Regarding the movie's director Peter Hyams, as of The Relic's theatrical release, he only had fairly limited success. Though Hyams' Timecop from 1994 to this day marks Van Damme's most successful movie to date, that doesn't really say that much. Especially Hyam's previous movie before The Relic, which was Sudden Death (another solid Van Damme action movie), probably did some harm to The Relic's marketing since Sudden Death itself was pretty much a Die Hard knock-off. One could argue that many movie goers expected another copycat monster movie ala Alien with The Relic. This rather false prediction by the public was nevertheless only strengthened by the movie's pretty cheesy and generic trailer that didn't do a very good job in capturing the true tense atmosphere of the movie itself (you can watch the trailer for yourself below).

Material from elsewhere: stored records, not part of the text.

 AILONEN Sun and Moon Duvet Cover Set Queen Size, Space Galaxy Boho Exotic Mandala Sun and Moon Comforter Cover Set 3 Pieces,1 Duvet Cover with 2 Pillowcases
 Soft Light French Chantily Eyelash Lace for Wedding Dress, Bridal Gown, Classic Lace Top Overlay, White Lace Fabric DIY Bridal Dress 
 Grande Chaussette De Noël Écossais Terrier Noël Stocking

Weighing in all of The Relic's pros and cons, it's pretty safe to say that The Relic is a very enjoyable monster-horror flick that has enough going for it to stay above the sea of cheap monster trash from the direct-to-DVD bin. With high production values and a well constructed and consistent atmosphere of dread of a looming predator stalking the Museum's hallways, The Relic in many ways plays by rather old rules but presents them in an own way.
People who like straight up monster movies, in which the creature is only slowly revealed and performs more like a stalking predator, will definitely find enjoyment in The Relic. It is no masterpiece by any means and didn't and won't set any new standards for horror movies, but it also doesn't need to.
The Relic should definitely be mentioned more when talking about hidden gems among monster movie flicks. It definitely ranks right up there with other underappreciated 90s horror flicks like Candyman or Mimic.

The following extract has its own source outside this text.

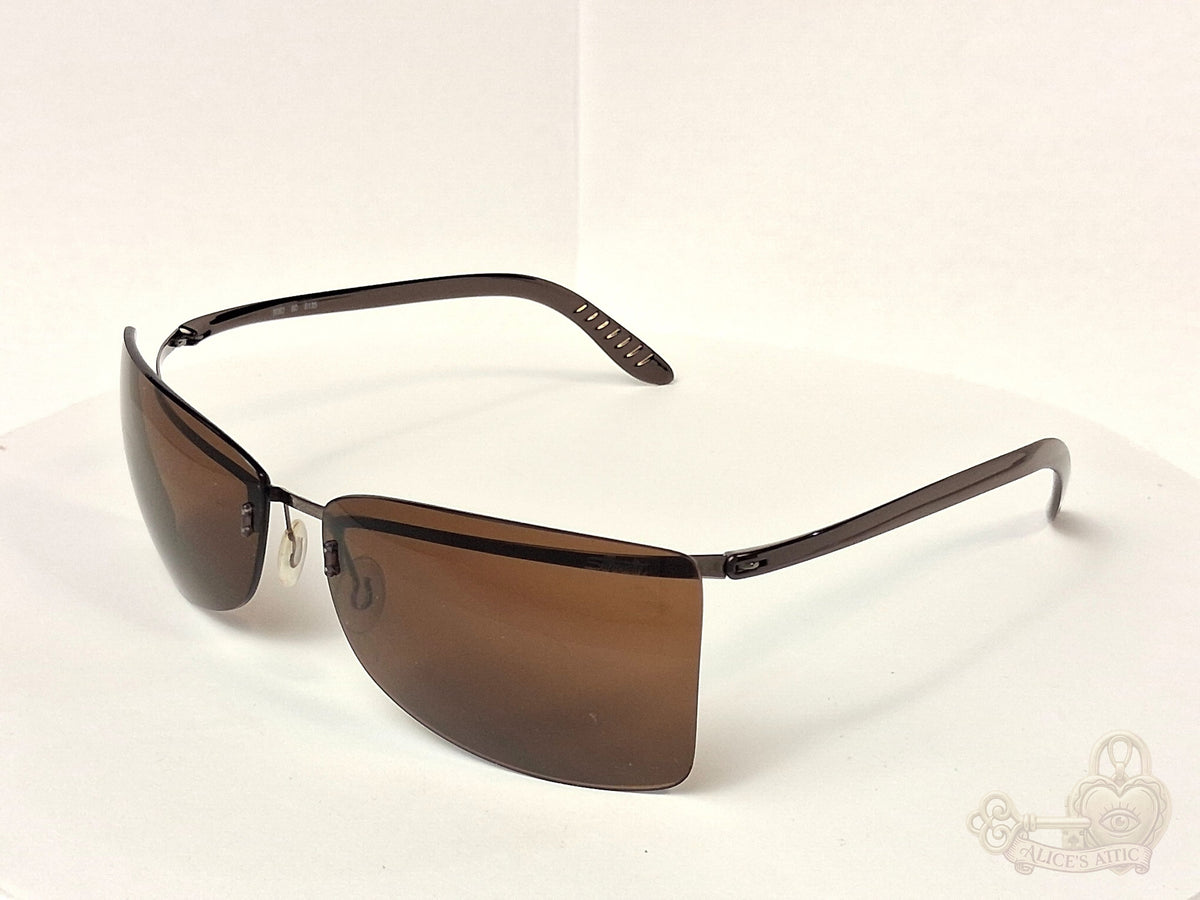 Silhouette 8082 Rimless Brown Gradient Rectangle Metal Sunglasses - Image 8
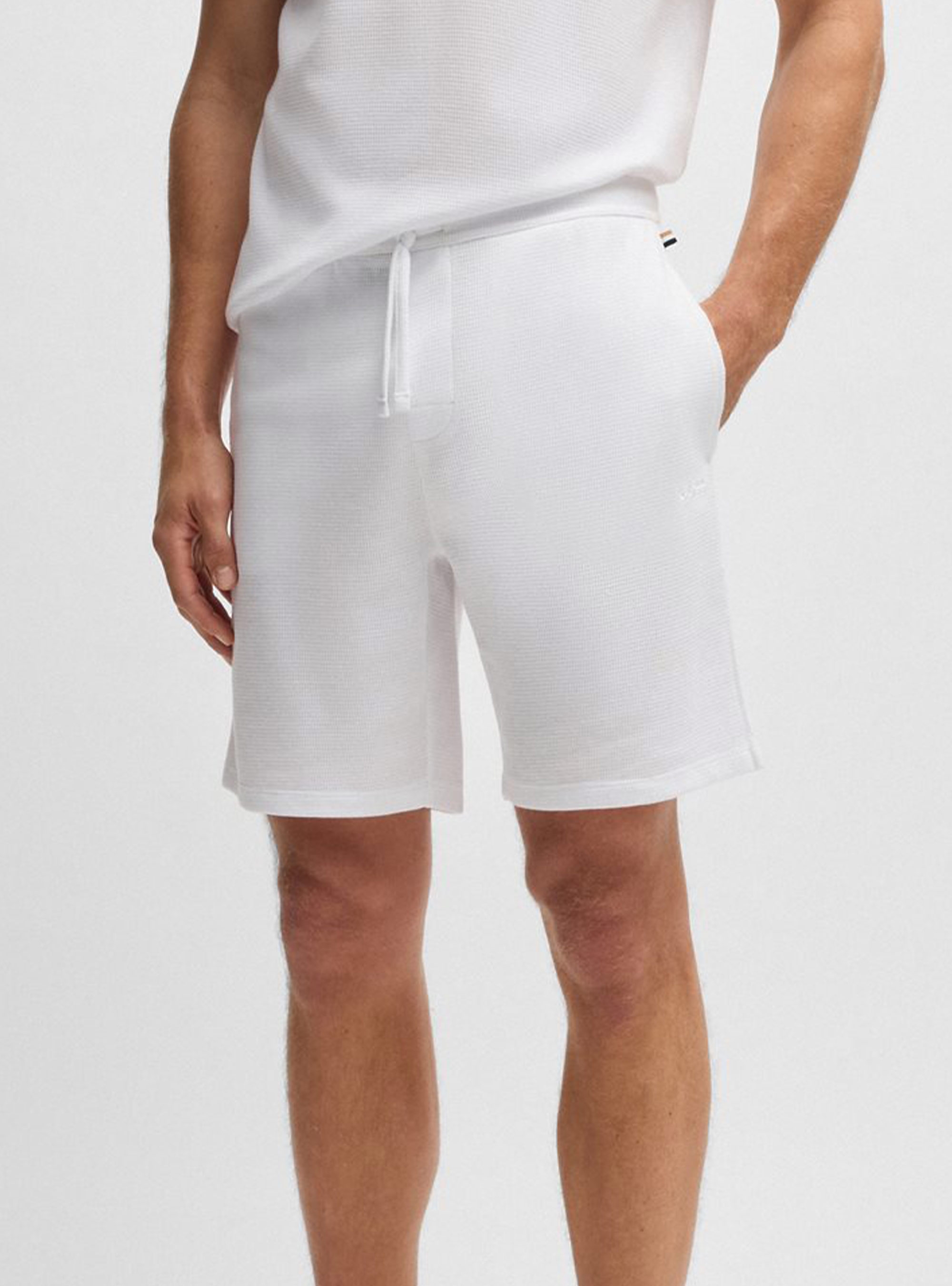 BOSS Waffle-Structured Pyjama Shorts Waffle Shorts - White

Because there is always a sewer level.

Bottom Line:

The Relic is a mostly very traditional monster movie that nevertheless boasts a unique predatory monster in the spotlight with a consistently mysterious and tense atmosphere. Despite its strengths and high production values though, it is without any doubt one of the most underrated and overlooked creature features from the 90s. Though it doesn't do enough to change up the monster movie genre as a whole, it's definitely a very solid experience that manages to benefit both from its straight-forward pace and story as well as respectable share of own new ideas it brings to the table.

You will probably like The Relic if you liked: Mimic (1997), Pumpkinhead (1988), Predator (1987), Jaws (1975).   

Where to get it:
The Relic is pretty easy and cheap to get both on DVD and on Blu-Ray. You can also try to watch it on TV, where it's usually one of those movies that are aired late at night during the weekends.